2. Comparison of the data collected using multispectral (left) and
hyperspectral (right) imaging methods.
In regard to the quality
of the hyperspectral images, three main resolution parameters which determine
the level of gathered information can be described. These are:
●
Spatial resolution;
●
Spectral resolution;
●
Temporal resolution.
Spatial
resolution is described as the smallest discernible detail in an image. It can
be regarded as the dimension of the smallest object in an image that can be
distinguished as an individual part.

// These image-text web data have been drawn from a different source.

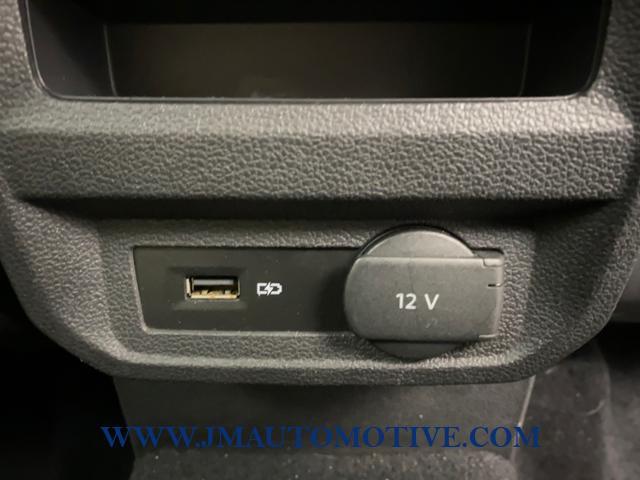 Used Volkswagen Tiguan 2.0T SE 4MOTION 2018 | J&M Automotive Sls&Svc LLC. Naugatuck, Connecticut Used Volkswagen Tiguan 2.0T SE 4MOTION 2018 | J&M Automotive Sls&Svc LLC. Naugatuck, Connecticut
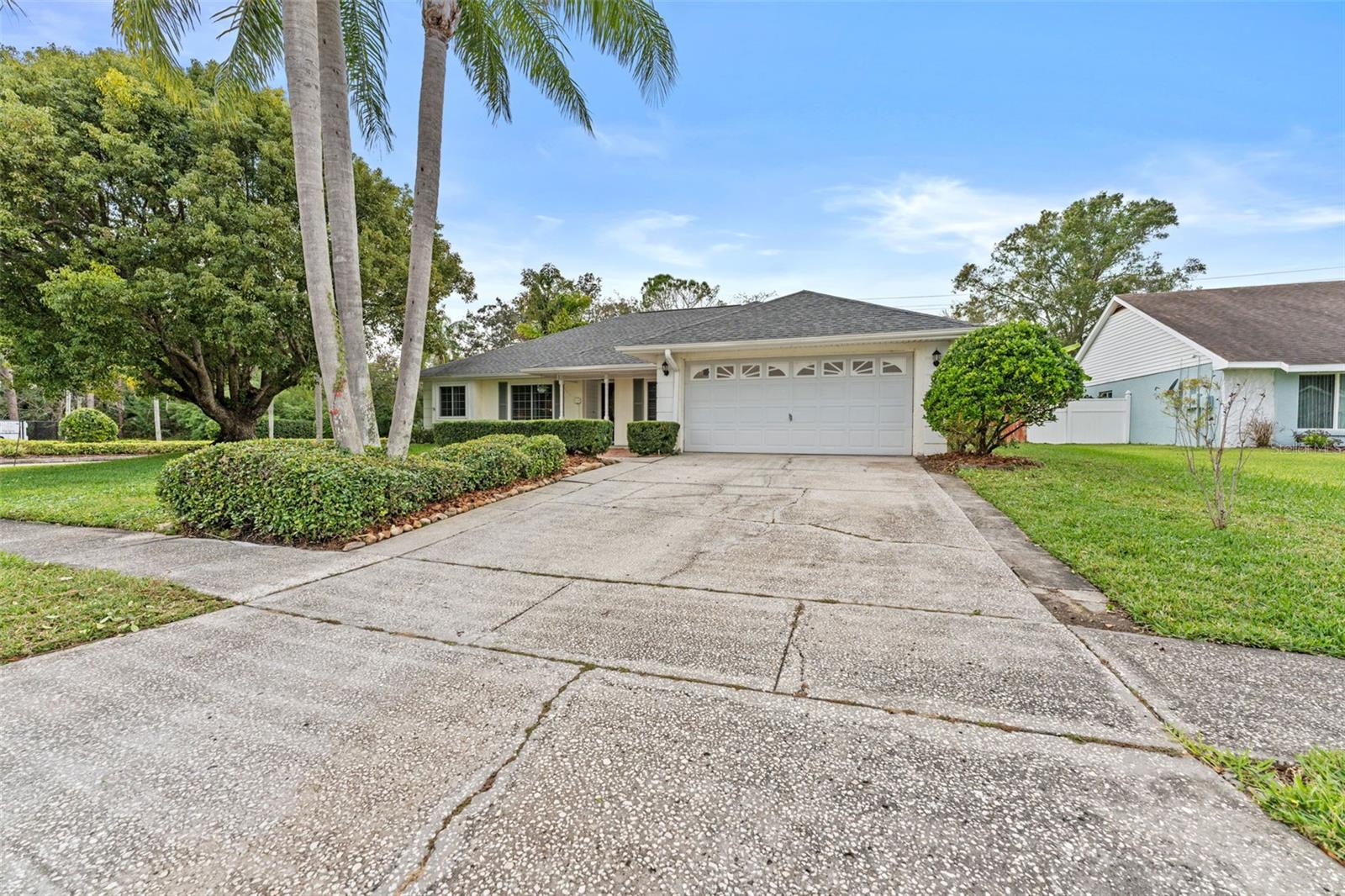 CARROLLWOOD SPGS UNIT 2 - Residential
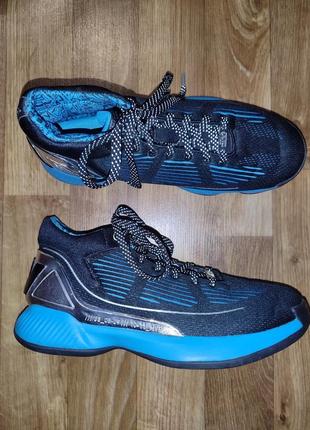 Кросівки чоловічі adidas р.43
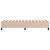 Cadru de pat box spring, cappuccino, 90x190 cm, piele ecologică GartenMobel Dekor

Spatial
resolution is directly related to the clarity of the image. However, it should
be mentioned that spatial resolution should
not be mixed up with the number of pixels in
an image. The spatial characteristics of a hyperspectral image depend on the
design of the imaging sensor in terms of its field of view and the altitude at
which the image is captured. If we consider that a finite patch of the ground
is captured by each detector in a remote imaging sensor then the spatial
resolution is inversely proportional to the patch size. Therefore, the smaller
the size of the patch, the higher details can be interpreted from the observed
scene.
Spectral
resolution is defined as the number of spectral bands in the whole range of
electromagnetic spectrum captured by the sensor. For example, the sensor might
collect the light in a large frequency range but still have a low spectral
resolution if the information is gathered from a small number of spectral
bands. On the contrary, if a sensor collects the data from a small frequency
range but captures a large number of spectral bands, high spectral resolution
is obtained. In such cases it is possible to distinguish between two similar elements
(having similar spectral features). Multispectral images, therefore, have a low
spectral resolution and using this method it is not possible to resolve finer
spectral signatures present in the analyzed area. HSI sensors acquire images in
numerous continuous and extremely narrow spectral bands in mid infrared, near
infrared and visible parts of the electromagnetic spectrum. This type of advanced imaging system shows tremendous potential for material
identification on the basis of their unique spectral signatures. Spectrum of a
single pixel in a hyperspectral image can give considerably more information
about the surface of the material than a normal image. It is worth mentioning
that even though multispectral imaging does not have as high spectral
resolution as hyperspectral imaging, oftentimes
it is much more practical to use. For example, in some cases it can be known
for certain in which specific parts of the electromagnetic spectrum largest variations or differences between the
spectral information of the analyzed objects are present. Therefore, collecting
the information in the whole spectral range does not provide any more useful
information and only burdens the analysis by adding redundant information.
Temporal
resolution is considered if routine measurements of hyperspectral or
multispectral remote sensing are made. In such cases depending on the type of information acquisition method
the temporal resolution can depend on the orbital characteristics of the
imaging sensor or the period of the experimental tests. Generally, the temporal
resolution can be defined as the time needed to revisit and obtain data from
the exact same location. Therefore, temporal resolution is considered high if
the period between two measurements of the exact same location is short and is
considered low if the said period is long. In general practice this parameter
is defined in days.
Remote sensing applications
provide unprecedented data streams for the retrieval and hence allow the
monitoring of SOC across the VNIR\96SWIR spectral range. The different sensors
used to collect the spectral data are generally mounted on either airborne or
spaceborne platforms. Also, unmanned aerial vehicle (UAV) systems have become
available to carry out the fully autonomous hyperspectral analysis. All
available remote sensing platforms can be differentiated in terms of their
spatial, spectral, and temporal resolution that consecutively specifies their
accuracy and the field of application. To put it in brief, different sensing
applications can be applied using three systems: satellite, airborne, and
unmanned aerial vehicle systems.
Satellite remotely sensed
imagery has a lot of potential to generate spatial maps of the upper soil
horizon. Satellite multispectral sensing was first used in quantitative SOC
characterization as soon as the first satellites were launched in the 1980s.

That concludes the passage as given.